History
- Name: Luna (1938–45); Empire Concave (1945–46); Galtnes (1946–47); Ila (1947–52); São Leopoldo (1952–65); Mironave (1965–82);
- Owner: Neptun Line (1938–40); Kriegsmarine (1940–45); Ministry or War Transport (1945); Ministry of Transport (1945–46); Norwegian Government (1946–47); Per T Lykke (1947–52); L Figueiredo Navegação (1952–65); Casimiro Filho Industria Comercio (1965–82); Petrosul (1982– );
- Operator: Neptun Line (1938–40); Kriegsmarine (1940–45); Ministry or War Transport (1945); Ministry of Transport (1945–46); Norwegian Government (1946–47); Per T Lykke (1947–52); L Figueiredo Navegação (1952–65); Casimiro Filho Industria Comercio (1965–82); Petrosul (1982– );
- Port of registry: Bremen (1939–40); Kriegsmarine (1940–45); London (1945–46); Oslo (1946–47); Trondheim (1947–52); Brazil (1952–82);
- Builder: Schiffbau-Gesellschaft Unterweser AG
- Launched: 22 October 1938
- Identification: Code Letters DOUV (1938–45); ; Code Letters GFKM (1945–46); ; United Kingdom Official Number: 180650 (1945–46);
- Fate: Deleted from registers 3 August 2010

General characteristics
- Type: Passenger ship (1938–42); Cargo ship (1942–82);
- Tonnage: 1,125 GRT; 571 NRT;
- Length: 234 ft 9 in (71.55 m)
- Beam: 32 ft 1 in (9.78 m)
- Depth: 12 ft 7 in (3.84 m)
- Installed power: 4SCSA diesel engine
- Propulsion: 2 screw propellers

= MV Mironave =

German built merchant ship (1938)

Mironave was a cargo ship that was built as a passenger ship in 1938 by Schiffbau-Gesellschaft Unterweser AG, Wesermünde, Germany for German owners.
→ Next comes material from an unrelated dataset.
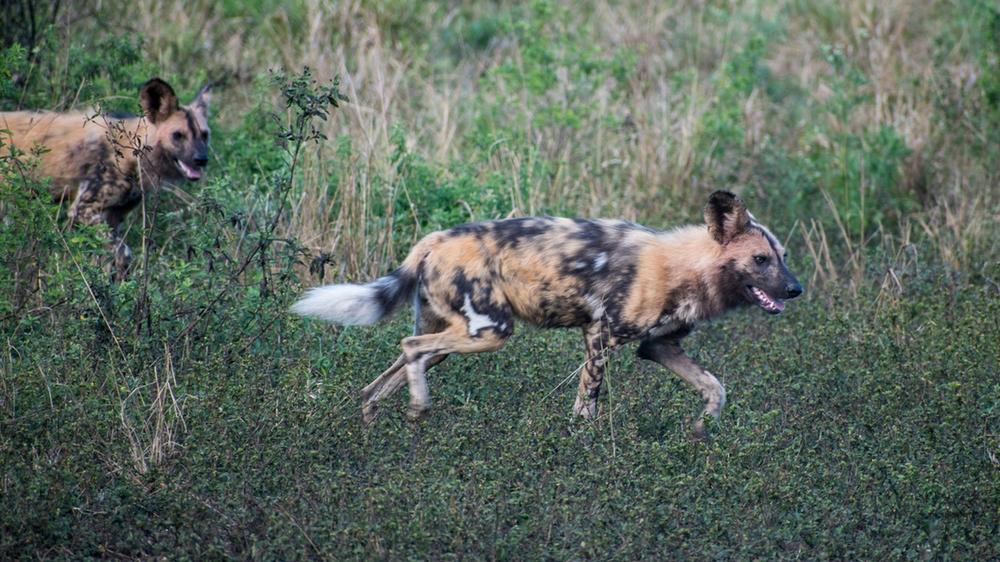 Hluhluwe–Imfolozi Park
In 1940, she was requisitioned by the Kriegsmarine. Seized by the Allies in 1945, she was passed to the Ministry of War Transport (MoWT) and renamed Empire Concave. In 1946, she was passed to the Norwegian Government and renamed Galtnes. She was sold into merchant service in 1947 and renamed Ila. In 1952, she was sold to Brazil and was renamed São Leopoldo. In 1965, a further sale saw her renamed Mironave. She was still in active service in 1982, when a further sale took place.

==Description==
The ship was built in 1938 by Schiffbau-Gesellschaft Unterweser AG, Wesermünde.

The ship was 234 ft 9 in long, with a beam of 34 ft 7 in and a depth of 14 ft 4 in. She had a gross register tonnage of 1,125 and a net register tonnage of 571.

The ship was propelled by a 4-stroke single-cycle double-acting diesel engine, which had 12 cylinders of 11+1/4 in diameter by 16+9/16 in stroke. The engine was built by Maschinenfabriek Augsburg-Nürnberg AG, Augsburg. It drove twin screw propellers.

==History==
Luna was built for Dampfschiffahrts Gesellschaft Neptun AG (Neptun Line). She had a passenger certificate. Her port of registry was Bremen and the Code Letters DOUV were allocated. In 1940, Luna was requisitioned by the Kriegsmarine. In 1942, she is recorded as no longer holding a passenger certificate. She was seized by the Allies at Eckernförde in May 1945 and passed to the MoWT, renamed Empire Concave. Her port of registry was changed to London. The Code Letters GFKM and United Kingdom Official Number 180650 were allocated. In 1946, Empire Concave was allocated to Norway, and passed to the Norwegian Government. She was renamed Galtnes. In 1947, she was sold to Per T Lykke, Trondheim and renamed Ila. In 1952, she was sold to L Figueiredo Navegação, Brazil and renamed São Leopoldo. She was sold to Casimiro Filho Industria Comercio in 1965 and renamed Mironave. In 1982, she was sold to Petrosul.